◆ Problem ◆
Only one stretch of the records below is wanted: the lines from the one holding "Motor Máquina Vidro" through the one holding "Produktbild: Aufbruch in". Return it exactly, both ends included.

Top of Exercise materials

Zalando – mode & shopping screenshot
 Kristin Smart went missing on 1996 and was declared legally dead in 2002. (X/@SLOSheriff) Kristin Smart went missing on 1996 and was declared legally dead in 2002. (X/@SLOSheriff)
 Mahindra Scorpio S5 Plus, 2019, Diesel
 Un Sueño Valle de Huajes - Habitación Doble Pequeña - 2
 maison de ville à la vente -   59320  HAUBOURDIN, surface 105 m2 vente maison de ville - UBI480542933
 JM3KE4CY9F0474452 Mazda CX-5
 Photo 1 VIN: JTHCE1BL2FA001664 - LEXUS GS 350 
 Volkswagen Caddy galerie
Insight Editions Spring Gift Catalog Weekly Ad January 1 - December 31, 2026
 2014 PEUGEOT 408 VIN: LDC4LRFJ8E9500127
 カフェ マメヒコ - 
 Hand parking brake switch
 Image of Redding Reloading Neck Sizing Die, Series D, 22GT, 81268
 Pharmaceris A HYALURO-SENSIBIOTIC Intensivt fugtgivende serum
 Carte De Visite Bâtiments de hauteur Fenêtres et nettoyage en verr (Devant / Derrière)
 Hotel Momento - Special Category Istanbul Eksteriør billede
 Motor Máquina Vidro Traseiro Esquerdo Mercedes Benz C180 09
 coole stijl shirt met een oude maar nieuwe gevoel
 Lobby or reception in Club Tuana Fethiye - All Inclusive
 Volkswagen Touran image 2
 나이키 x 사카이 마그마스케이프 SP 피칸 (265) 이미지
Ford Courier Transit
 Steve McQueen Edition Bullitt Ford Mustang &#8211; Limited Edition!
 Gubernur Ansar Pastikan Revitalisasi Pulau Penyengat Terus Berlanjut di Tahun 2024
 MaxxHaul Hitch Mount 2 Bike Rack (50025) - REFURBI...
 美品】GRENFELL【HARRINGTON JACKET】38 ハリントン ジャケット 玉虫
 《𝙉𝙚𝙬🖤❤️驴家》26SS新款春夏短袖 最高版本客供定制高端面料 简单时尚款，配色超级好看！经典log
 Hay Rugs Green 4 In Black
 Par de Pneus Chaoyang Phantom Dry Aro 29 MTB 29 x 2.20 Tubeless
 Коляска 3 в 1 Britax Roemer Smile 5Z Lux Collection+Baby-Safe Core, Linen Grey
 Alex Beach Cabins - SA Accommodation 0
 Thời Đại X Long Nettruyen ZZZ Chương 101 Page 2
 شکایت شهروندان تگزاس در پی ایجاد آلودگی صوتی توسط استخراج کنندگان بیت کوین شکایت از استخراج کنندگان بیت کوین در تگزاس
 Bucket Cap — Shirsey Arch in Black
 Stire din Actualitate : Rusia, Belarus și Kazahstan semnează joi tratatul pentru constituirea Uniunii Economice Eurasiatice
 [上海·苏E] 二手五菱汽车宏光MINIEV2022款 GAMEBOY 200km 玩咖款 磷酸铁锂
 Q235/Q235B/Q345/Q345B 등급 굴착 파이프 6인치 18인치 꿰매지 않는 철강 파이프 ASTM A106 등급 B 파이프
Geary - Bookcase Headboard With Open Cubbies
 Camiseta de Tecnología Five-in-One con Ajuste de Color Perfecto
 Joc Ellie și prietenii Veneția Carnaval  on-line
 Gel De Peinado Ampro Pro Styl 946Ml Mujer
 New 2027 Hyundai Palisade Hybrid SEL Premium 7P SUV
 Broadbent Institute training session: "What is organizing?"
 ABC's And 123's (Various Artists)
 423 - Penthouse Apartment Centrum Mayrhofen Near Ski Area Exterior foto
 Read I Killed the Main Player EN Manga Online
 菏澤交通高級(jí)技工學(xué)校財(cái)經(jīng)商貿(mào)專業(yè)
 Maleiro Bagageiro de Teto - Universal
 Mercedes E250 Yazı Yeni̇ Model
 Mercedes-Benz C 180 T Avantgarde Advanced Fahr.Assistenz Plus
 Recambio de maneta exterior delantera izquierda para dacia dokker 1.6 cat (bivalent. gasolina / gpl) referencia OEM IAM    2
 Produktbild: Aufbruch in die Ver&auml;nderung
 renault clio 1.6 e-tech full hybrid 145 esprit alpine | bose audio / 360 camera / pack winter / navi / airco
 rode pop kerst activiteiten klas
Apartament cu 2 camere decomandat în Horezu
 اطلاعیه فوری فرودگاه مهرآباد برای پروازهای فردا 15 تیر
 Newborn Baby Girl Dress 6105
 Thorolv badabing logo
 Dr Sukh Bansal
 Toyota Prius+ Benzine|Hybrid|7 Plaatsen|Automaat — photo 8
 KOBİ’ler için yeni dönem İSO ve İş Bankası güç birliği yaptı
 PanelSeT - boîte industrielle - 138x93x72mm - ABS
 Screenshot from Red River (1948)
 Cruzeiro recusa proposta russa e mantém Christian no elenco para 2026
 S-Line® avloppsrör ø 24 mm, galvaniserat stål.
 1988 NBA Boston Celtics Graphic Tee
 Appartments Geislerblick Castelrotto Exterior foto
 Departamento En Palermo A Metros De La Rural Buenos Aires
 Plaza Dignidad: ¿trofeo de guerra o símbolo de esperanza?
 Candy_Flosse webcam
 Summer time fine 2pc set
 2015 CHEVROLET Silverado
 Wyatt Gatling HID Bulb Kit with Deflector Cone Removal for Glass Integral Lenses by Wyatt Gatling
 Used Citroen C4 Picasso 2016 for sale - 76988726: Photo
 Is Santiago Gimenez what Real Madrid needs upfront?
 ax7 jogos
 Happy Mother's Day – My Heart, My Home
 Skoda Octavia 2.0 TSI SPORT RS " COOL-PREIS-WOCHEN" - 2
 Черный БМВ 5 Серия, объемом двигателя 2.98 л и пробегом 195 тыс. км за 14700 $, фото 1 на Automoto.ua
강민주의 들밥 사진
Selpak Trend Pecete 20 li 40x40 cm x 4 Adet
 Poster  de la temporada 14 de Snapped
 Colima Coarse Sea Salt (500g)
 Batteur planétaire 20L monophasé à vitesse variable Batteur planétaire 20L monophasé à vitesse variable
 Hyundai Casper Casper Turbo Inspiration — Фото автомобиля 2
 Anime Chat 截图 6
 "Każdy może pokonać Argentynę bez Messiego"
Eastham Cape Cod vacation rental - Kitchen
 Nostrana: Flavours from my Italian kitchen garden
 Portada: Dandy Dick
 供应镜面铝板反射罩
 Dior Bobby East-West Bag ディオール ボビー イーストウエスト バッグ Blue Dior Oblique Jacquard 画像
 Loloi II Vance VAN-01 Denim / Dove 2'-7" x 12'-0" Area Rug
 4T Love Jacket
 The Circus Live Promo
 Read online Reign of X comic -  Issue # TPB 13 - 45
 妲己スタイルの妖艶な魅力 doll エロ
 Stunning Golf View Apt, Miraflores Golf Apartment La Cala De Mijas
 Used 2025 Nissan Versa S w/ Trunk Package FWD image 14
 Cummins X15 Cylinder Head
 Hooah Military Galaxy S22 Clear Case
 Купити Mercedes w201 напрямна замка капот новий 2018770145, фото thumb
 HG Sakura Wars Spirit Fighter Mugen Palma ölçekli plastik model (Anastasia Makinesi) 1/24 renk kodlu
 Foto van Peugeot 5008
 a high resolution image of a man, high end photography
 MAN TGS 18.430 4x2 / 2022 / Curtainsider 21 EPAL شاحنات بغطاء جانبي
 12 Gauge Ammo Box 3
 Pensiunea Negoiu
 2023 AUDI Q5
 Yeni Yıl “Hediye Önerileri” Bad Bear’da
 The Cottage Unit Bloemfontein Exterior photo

Bottom of Exercise materials

◆ Completed exercise ◆
 Motor Máquina Vidro Traseiro Esquerdo Mercedes Benz C180 09
 coole stijl shirt met een oude maar nieuwe gevoel
 Lobby or reception in Club Tuana Fethiye - All Inclusive
 Volkswagen Touran image 2
 나이키 x 사카이 마그마스케이프 SP 피칸 (265) 이미지
Ford Courier Transit
 Steve McQueen Edition Bullitt Ford Mustang &#8211; Limited Edition!
 Gubernur Ansar Pastikan Revitalisasi Pulau Penyengat Terus Berlanjut di Tahun 2024
 MaxxHaul Hitch Mount 2 Bike Rack (50025) - REFURBI...
 美品】GRENFELL【HARRINGTON JACKET】38 ハリントン ジャケット 玉虫
 《𝙉𝙚𝙬🖤❤️驴家》26SS新款春夏短袖 最高版本客供定制高端面料 简单时尚款，配色超级好看！经典log
 Hay Rugs Green 4 In Black
 Par de Pneus Chaoyang Phantom Dry Aro 29 MTB 29 x 2.20 Tubeless
 Коляска 3 в 1 Britax Roemer Smile 5Z Lux Collection+Baby-Safe Core, Linen Grey
 Alex Beach Cabins - SA Accommodation 0
 Thời Đại X Long Nettruyen ZZZ Chương 101 Page 2
 شکایت شهروندان تگزاس در پی ایجاد آلودگی صوتی توسط استخراج کنندگان بیت کوین شکایت از استخراج کنندگان بیت کوین در تگزاس
 Bucket Cap — Shirsey Arch in Black
 Stire din Actualitate : Rusia, Belarus și Kazahstan semnează joi tratatul pentru constituirea Uniunii Economice Eurasiatice
 [上海·苏E] 二手五菱汽车宏光MINIEV2022款 GAMEBOY 200km 玩咖款 磷酸铁锂
 Q235/Q235B/Q345/Q345B 등급 굴착 파이프 6인치 18인치 꿰매지 않는 철강 파이프 ASTM A106 등급 B 파이프
Geary - Bookcase Headboard With Open Cubbies
 Camiseta de Tecnología Five-in-One con Ajuste de Color Perfecto
 Joc Ellie și prietenii Veneția Carnaval  on-line
 Gel De Peinado Ampro Pro Styl 946Ml Mujer
 New 2027 Hyundai Palisade Hybrid SEL Premium 7P SUV
 Broadbent Institute training session: "What is organizing?"
 ABC's And 123's (Various Artists)
 423 - Penthouse Apartment Centrum Mayrhofen Near Ski Area Exterior foto
 Read I Killed the Main Player EN Manga Online
 菏澤交通高級(jí)技工學(xué)校財(cái)經(jīng)商貿(mào)專業(yè)
 Maleiro Bagageiro de Teto - Universal
 Mercedes E250 Yazı Yeni̇ Model
 Mercedes-Benz C 180 T Avantgarde Advanced Fahr.Assistenz Plus
 Recambio de maneta exterior delantera izquierda para dacia dokker 1.6 cat (bivalent. gasolina / gpl) referencia OEM IAM    2
 Produktbild: Aufbruch in die Ver&auml;nderung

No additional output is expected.